SHERIDAN — A Republican willing to give up self or party for the benefit of the country — that’s who Dick Cheney wants to see as the next president.

Richard Nixon resigned from the office of president on Aug. 9, 1974, amid a cloud of scandal. On Sept. 8, not a month later, President Gerald Ford pardoned Nixon of any wrongdoing.

At the annual Reagan Day Dinner fundraiser Saturday, former Vice President Cheney said that pardon probably lost Ford any chance at retaining the presidency, but it was the right thing to do.

“(Ford) knew this full well when he did it, it might well cost him re-election,” Cheney said. “He wasn’t thinking politically, he wasn’t thinking about ‘Am I gonna be able to get re-elected?’”

For Cheney, any person who wants to be president has to have the ability to go with his or her gut instinct.
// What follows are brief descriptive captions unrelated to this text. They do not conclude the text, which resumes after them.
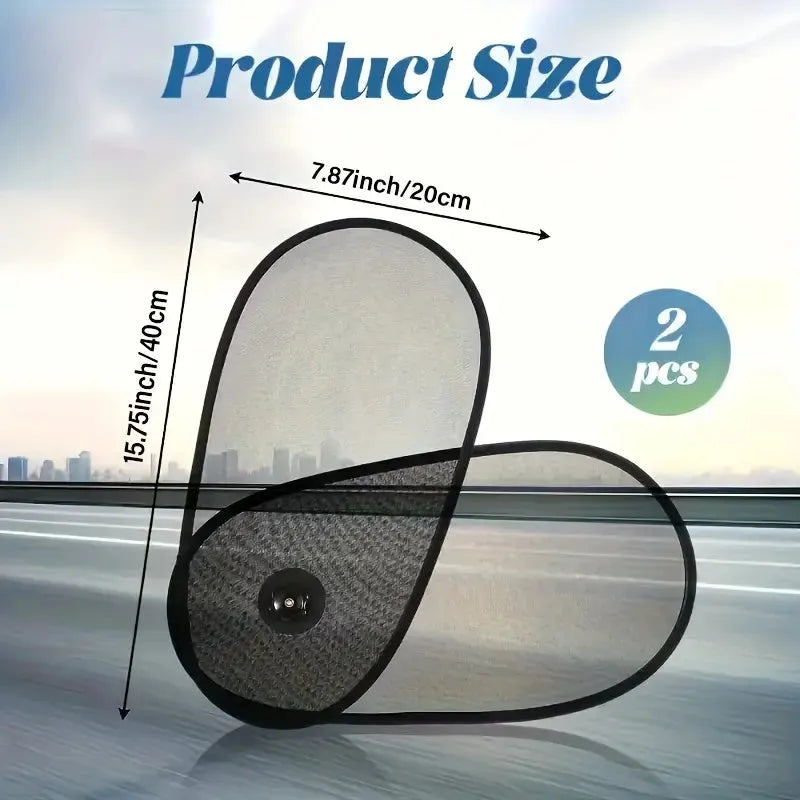 Black breathable car window shade with suction cups attached to vehicle side window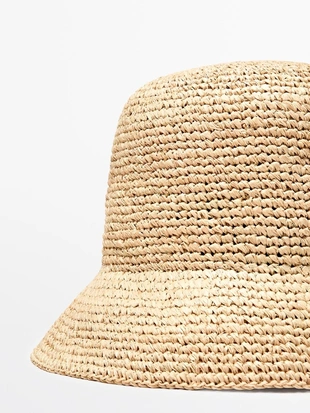 Соломенная шляпа в стиле бакет из рафии- Заказать в России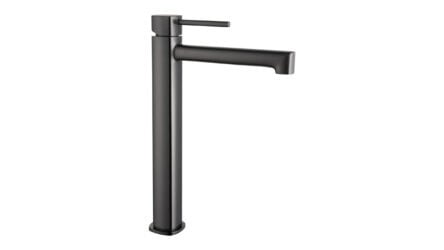 Verhoogde wastafelkraan in black gun metal met duurzame PVD-coating. Onderdeel van de Lugano serie, ambachtelijk uit één stuk massief messing vervaardigd en verkrijgbaar in 6 kleuren. Voorzien van 5 jaar garantie.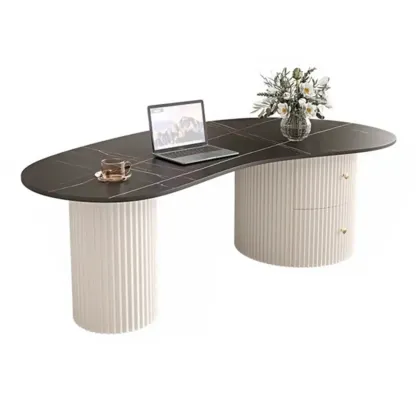Minimalist Standard White Oval Coffee Table with 2 Drawers Image - 10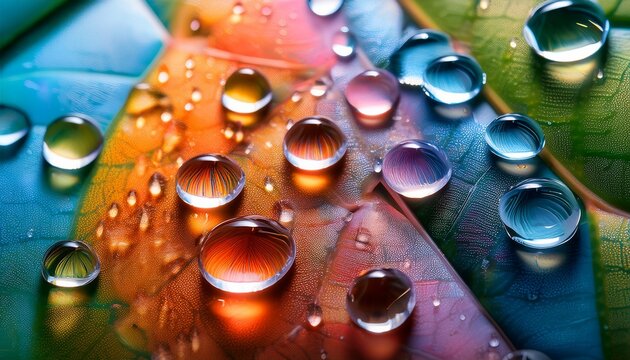 water droplets reflecting colors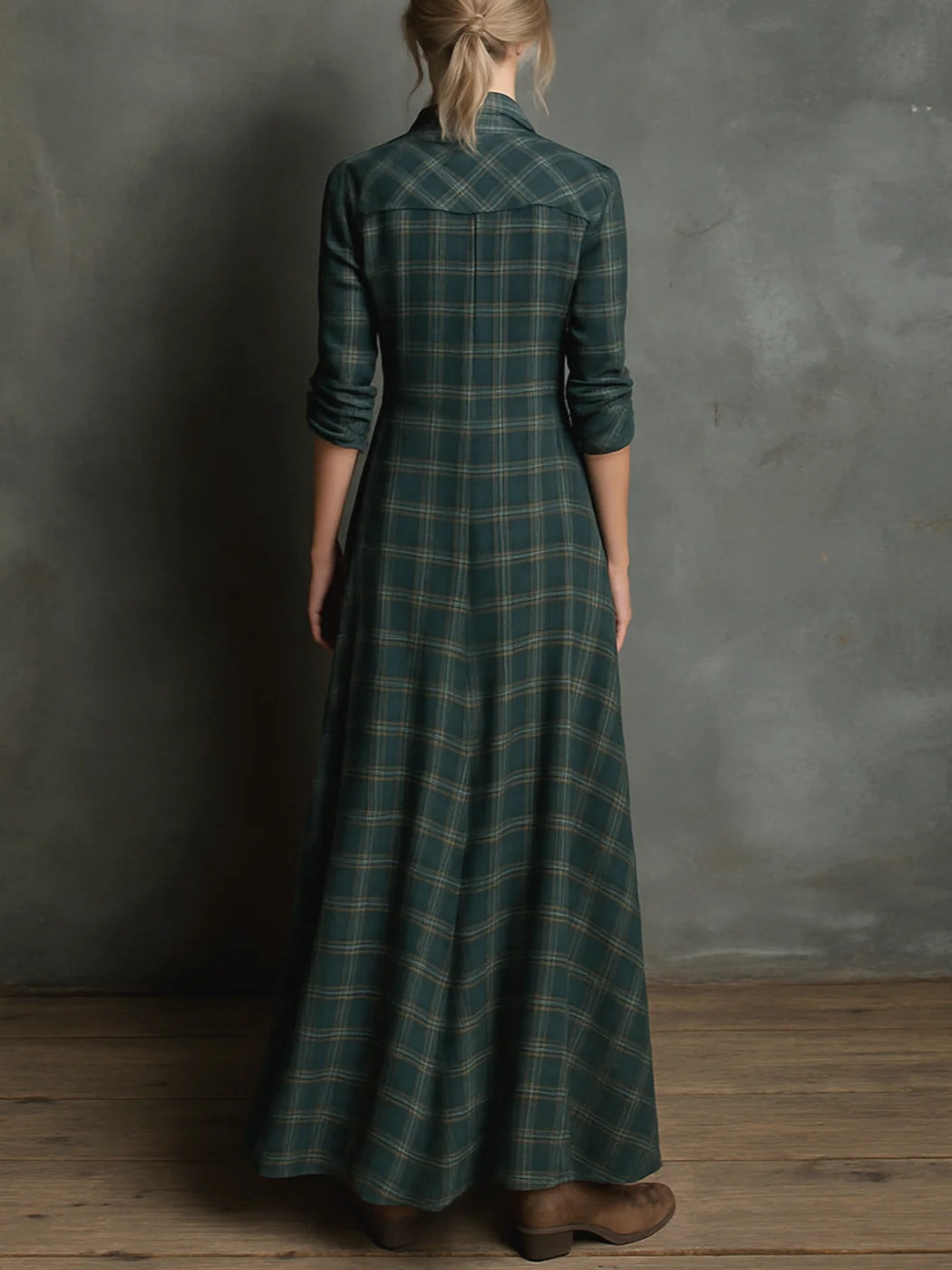 Soraya | Long green checked dress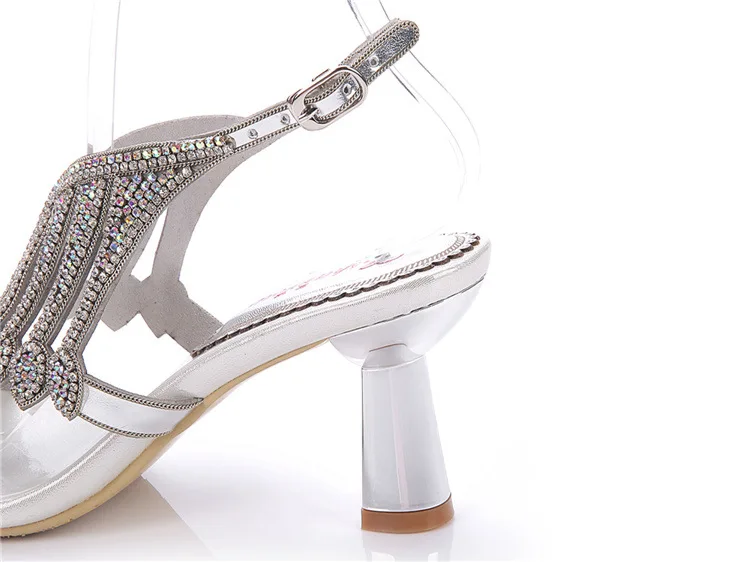 G-sparrow Female Sandals 2018 Summer New High-heeled Thick Heels Rhinestone Sandal Korean Size Diamond Shoes20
Cheney recounted the day of Ford’s funeral, when he gave the eulogy in the rotunda at the Capitol.

“He had the courage of his convictions,” Cheney said. “He did something that was very very difficult; he knew it was going to cost him politically, maybe cost him the presidency, but he went ahead and did it anyway. That’s what I’m looking for.”

Cheney’s comments were made in response to a question posed by his daughter, Liz Cheney, who asked her father which Republican candidate he wants to see as president.

The night was centered around fundraising for local Republicans, and for Liz and Dick Cheney it was a good time to talk about their book “Exceptional: Why the World Needs a Powerful America.”

But before the speech, the dinner and the political thrashings that are common at any function built around the promotion of a single political party, there was a slow stampede to shake hands with the most powerful man Wyoming has ever sent to Washington, D.C.

A cloud of bodies hung thick around Cheney, while they took turns shaking his hand and taking pictures with him.

He spoke softly in response to questions, so quietly in fact that many had to lean in to hear him.

Matt Willey, who works at the Historic Sheridan Inn where the event was taking place, had trouble crossing the room.

“There’s no getting through that,” he said.

But eventually the hand shaking and picture taking was broken up.

Soon after, state officials talked about the party and built up to the Cheneys’ talk.

State Auditor Cynthia Cloud, Treasurer Mark Gordon and Superintendent Jillian Balow all spoke about the party and the future. But the room wasn’t quiet until Cheney spoke, and only remained silent until he finished.

He spoke about the Hillary Clinton email scandal, Joe Biden joining the presidential race and the Obama administration.

But more than all that, he spoke about the United States and the country’s past, present and future.

“The U.S. is an irrelevancy,” he said while talking about U.S. military might and his book.

Cheney focused for a bit on the decreasing defense budget, but left it to his book to tell the rest of the story.

“We’ve allowed decay to set in,” he said. “It’s going to take a lot of time to recover.”